Dne 15.2.2017 v 14:30 Jonas Degrave napsal(a):
> Thanks, I tried your suggestions, and tried going back to the mq policy and
> play with those parameters. In the end, I tried:
>
>     lvchange --cachesettings 'migration_threshold=20000000
>     sequential_threshold=10000000 read_promote_adjustment=1
>     write_promote_adjustment=4' VG
>
>
> With little success. This is probably due to the mq-policy looking only at the
> hit-count, rather than the hit-rate. Or at least, that is what I make up from
> line 595 in the code:
> http://lxr.free-electrons.com/source/drivers/md/dm-cache-policy-mq.c?v=3.19#L595
>
> I wrote a small script, so my users could empty the cache manually, if they
> want to:
>
>     #!/bin/bash
>     if [ "$(id -u)" != "0" ]; then
>        echo "This script must be run as root" 1>&2
>        exit 1
>     fi
>     lvremove -y VG/lv_cache
>     lvcreate -L 445G -n lv_cache VG /dev/sda
>     lvcreate -L 1G -n lv_cache_meta VG /dev/sda
>     lvconvert -y --type cache-pool --poolmetadata VG/lv_cache_meta VG/lv_cache
>     lvchange --cachepolicy smq VG
>     lvconvert --type cache --cachepool VG/lv_cache VG/lv
>
>
> So, the only remaining option for me, would to write my own policy. This
> should be quite simple, as you basically need to act as if the cache is not
> full yet.
>
> Can someone point me in the right direction as to how to do this? I have tried
> to find the last version of the code, but the best I could find was a redhat
> CVS-server which times out when connecting.
>
>     cvs -d :pserver:cvs at sources.redhat.com:/cvs/dm login cvs
>     CVS password:
>     cvs [login aborted]: connect to sources.redhat.com
>     <http://sources.redhat.com>(209.132.183.64):2401 failed: Connection timed out
>
>
>  Can someone direct me to the latest source of the smq-policy?
>

Hi

Yep - it does look like you have some special use-case where you know 'ahead 
of time' what's the usage pattern going to be.
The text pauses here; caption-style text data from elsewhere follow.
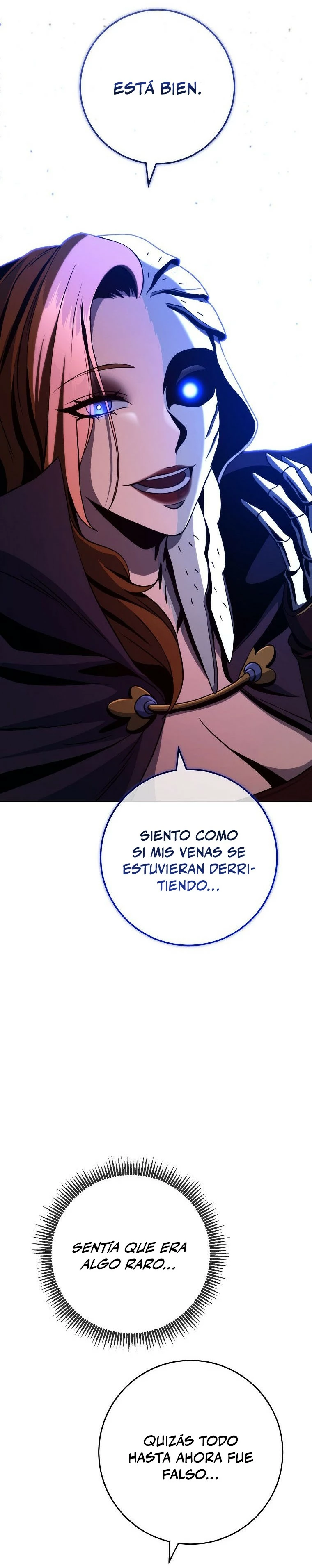 Soldado Esqueleto capítulo 242 página 31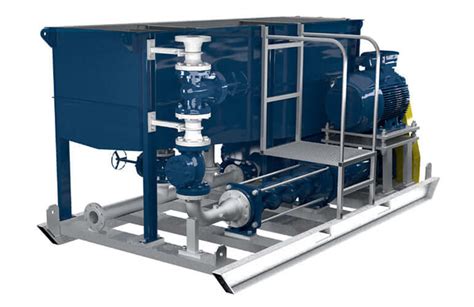 Seepex Pump Solutions Mine Dewatering Unitrogers Machinery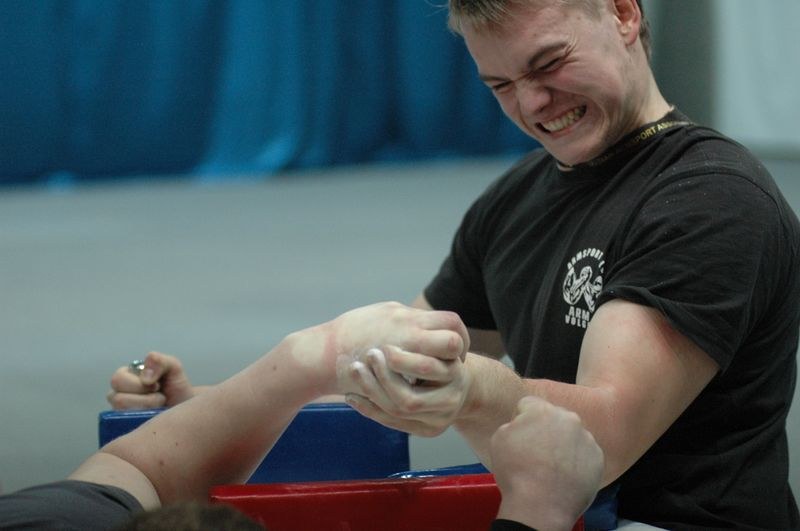 XVIII Russian National Junior Championships 1994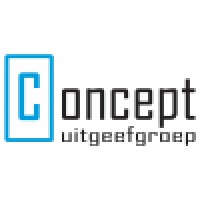 Concept uitgeefgroep logo - Similar company to Kences, Kenniscentrum Studentenhuisvesting
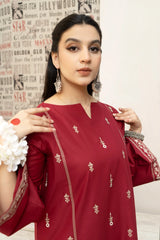 Winter Luxury collection | dhanak | 3-PC |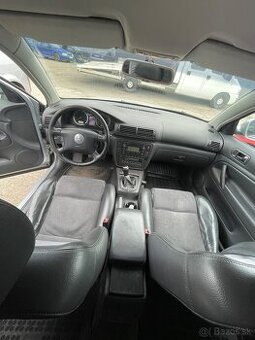 VW Passat b5.5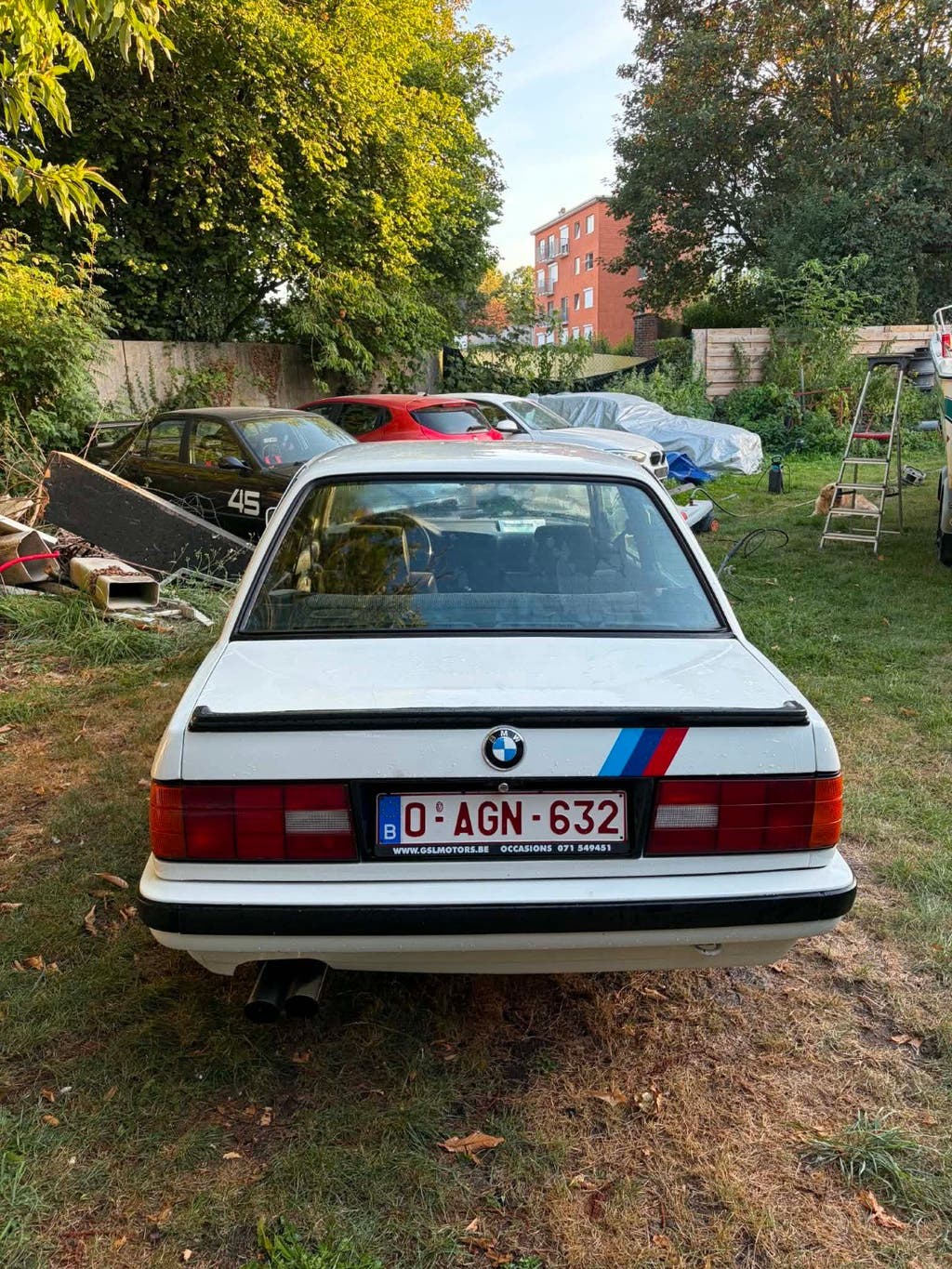 bmw e30 ancetre, foto 4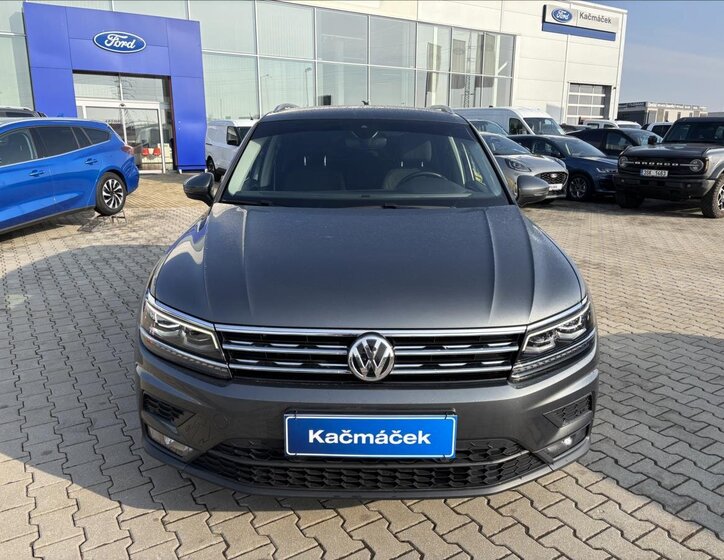 Volkswagen Tiguan SUV / Terénní 1,5 l 110 kw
'smq' policy is targeted to rather 'slowly' fill over the time with 'more time 
permanent data' which are known to be kept used over and over - so i.e. after 
reboot there is large chance you will need them again.

But in your case it seems you need a policy which fills very quickly with 
current set of date - i.e. some sore of  page-cache extension.

So to get to the source:

https://github.com/torvalds/linux/blob/master/drivers/md/dm-cache-policy-smq.c

relatively 'small' piece of code - by may take a while to get to it as you 
need to fit within policy rules - there is certain limited amount of data you 
may keep with cached data block and some others...

Once you get new dm caching policy loaded - lvm2 should be able to use it,
as  cache_policy & cache_settings  are 'free-from' strings.

For 4.12 kernel (likely) there is going to be new 'cache2-like' which should 
be match faster with startup...    but likely it may or may not solve your 
special 100GB workload.

Regards

Zdenek